From The Texas Newsroom:
Most of Texas will be hit with sub-freezing temperatures in the next few days as an arctic blast prepares to blanket much of the state.
That means the balmy conditions most Texans have enjoyed this week will be replaced by lows forecasted to drop into the teens — or lower — according to national forecasters.
“Temperatures continue to plunge through the weekend, and we are taking some very dangerous temperatures with active weather moving through the area,” Weather Channel meteorologist Domenica Davis said in her forecast Thursday.
Davis said that once the blast hits, temperatures will be between 30 to 40 degrees lower than average.
Conditions to expect around the state
In Austin, temperatures are expected to be in the low 30s starting late this weekend. That includes the possibility of temps in the teens on Monday and Tuesday, KUT reported.
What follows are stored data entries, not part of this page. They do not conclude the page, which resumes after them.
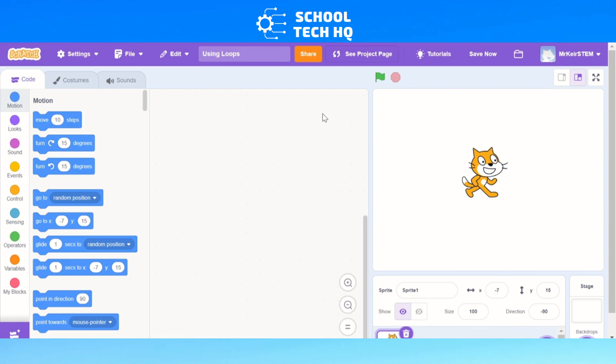Hello and welcome to another video from Schooltech HQ. Today we're going to be looking at how to use loops in Scratch.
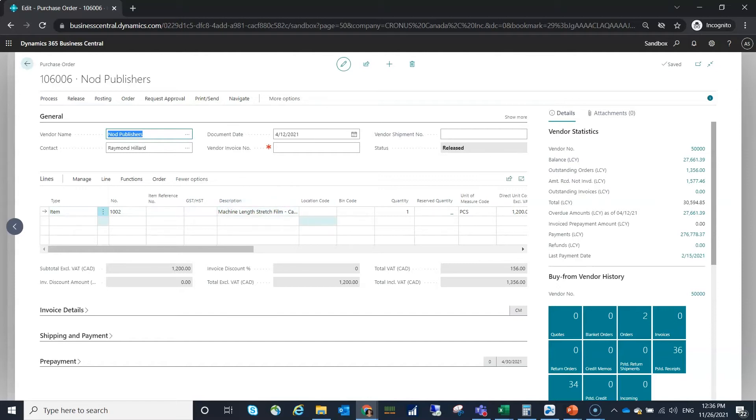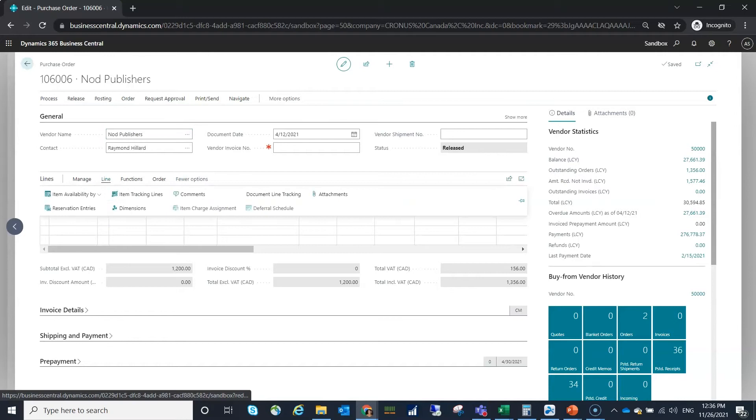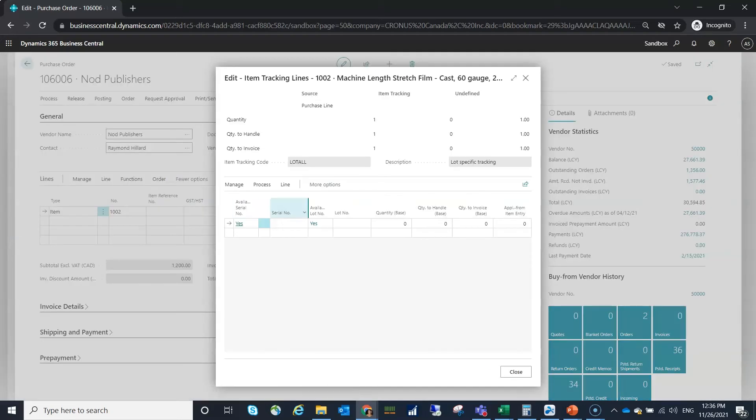What I'm going to do is go in and just add my item tracking line information the same way that I would have previously.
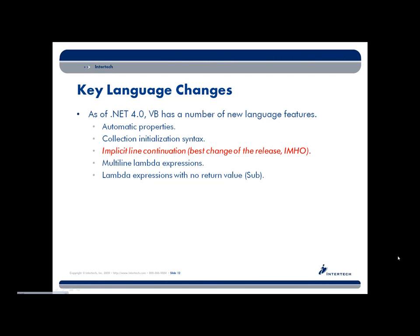Visual Basic also had a good number of changes in this release of .NET. VB got many, many more changes than we have in C-Sharp. So here, I want to break down the things that Visual Basic programmers can now make use of.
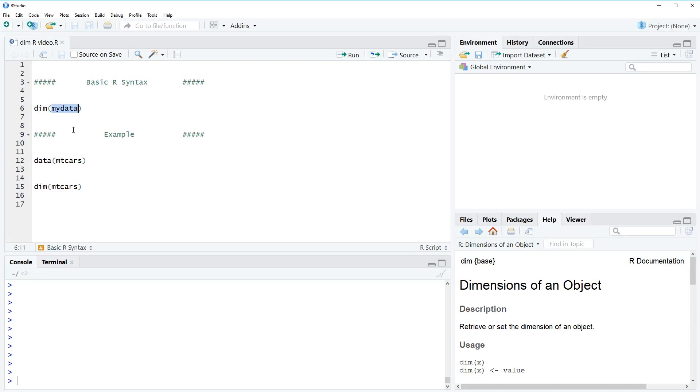Typically this would be something like mydata or data. What the dim function does is it returns the dimension of your data, which is the number of rows and the number of columns.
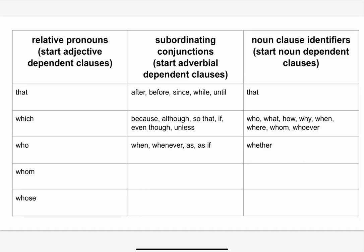The subordinating conjunctions would start adverbial dependent clauses — those words are the ones that will start clauses that act like an adverb. And then in the last column on the right, the noun clause identifiers will start noun dependent clauses.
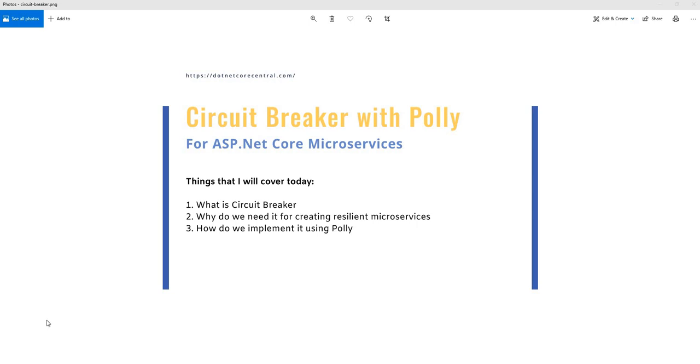Hello everyone and welcome back to .NET Core Central, the channel where I discuss different topics of .NET Core. And today my focus is going to be discussing Circuit Breaker with Polly for ASP.NET Core Microservices.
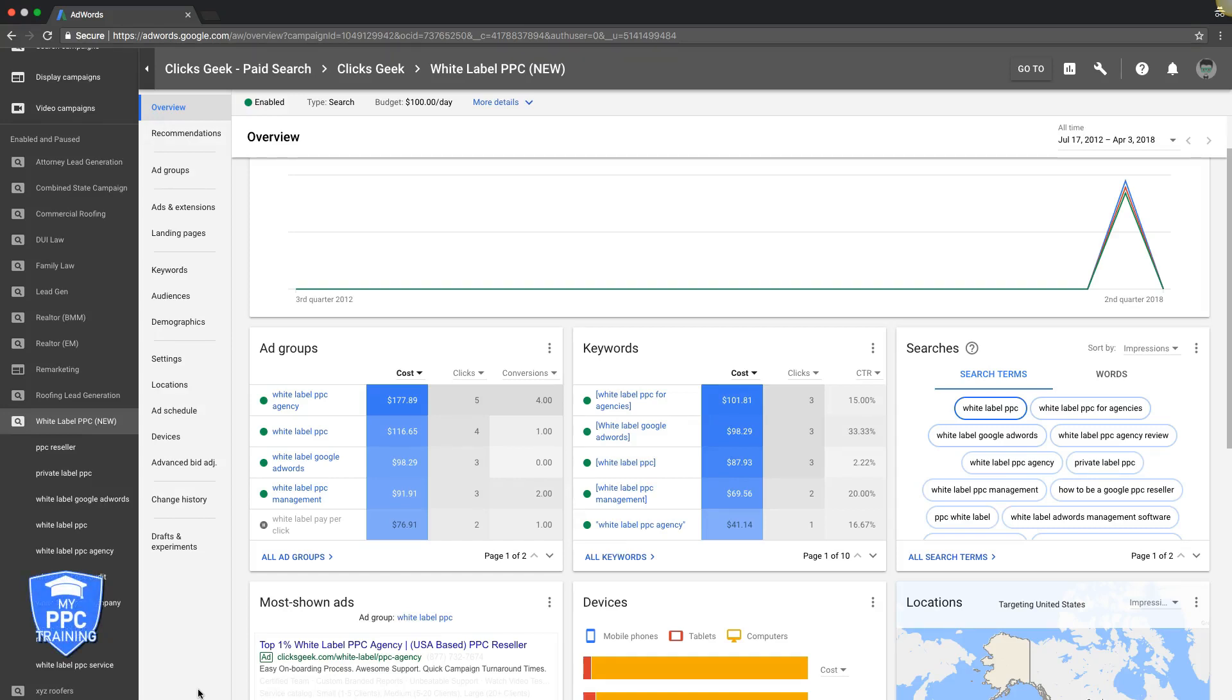If you're running AdWords and you want to get your ads to the top of page one for your targeted search terms, it really comes down to bidding. So chances are if your ads are on the bottom of page one, which might as well be page 250, or if they're on page two or three, it's probably because you're bidding too low. The easiest way to fix that is to jack your bids up.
The National Weather Service added that, when wind chill temperatures are factored in, it could drop into the single digits.
After this cold front passes, temperatures are expected to climb back into the 50s and possibly 60s later next week, according to extended forecasts.
San Antonio faces a possible hard freeze for much of the city on Monday, according to Texas Public Radio. Texans in that region should expect it to be in the mid-20s at sunrise Monday, and in the low 20s that time on Tuesday. Temperatures will be in the teens across the Hill Country on both of those days. But things should warm up slightly beginning Wednesday, when the high is forecasted to reach the upper 40s. The rest of the week should be warmer, with highs in the mid-50s to low 60s.
The National Weather Service forecast for the Houston/Galveston region predicts “long durations of subfreezing temperatures” beginning Sunday night. There are also chances for light freezing rain around the area. Temperatures are expected to climb to the high 40s to high 50s by Wednesday.
In North Texas, temperatures will hover below freezing starting Sunday. National Weather Service forecasters estimate highs that day will be around 31 degrees, with a low in the mid-teens. That’ll be followed by dangerously low high temperatures — in the mid-to-high 20s — on Monday and Tuesday. Wind speed could also exceed 10 miles per hour, which will make the region feel even colder. There is also a greater than 20 percent chance North Texas will see a “wintry mix” of precipitation on Sunday and Monday.
State and local agencies and weather bureaus remind Texans to prepare for the hard freeze by ensuring the four Ps – people, pets, pipes and plants – are protected. The Federal Emergency Management Agency also reminds people to ensure generators and indoor heaters are properly used and recommend that residents make sure they have operating carbon monoxide detectors.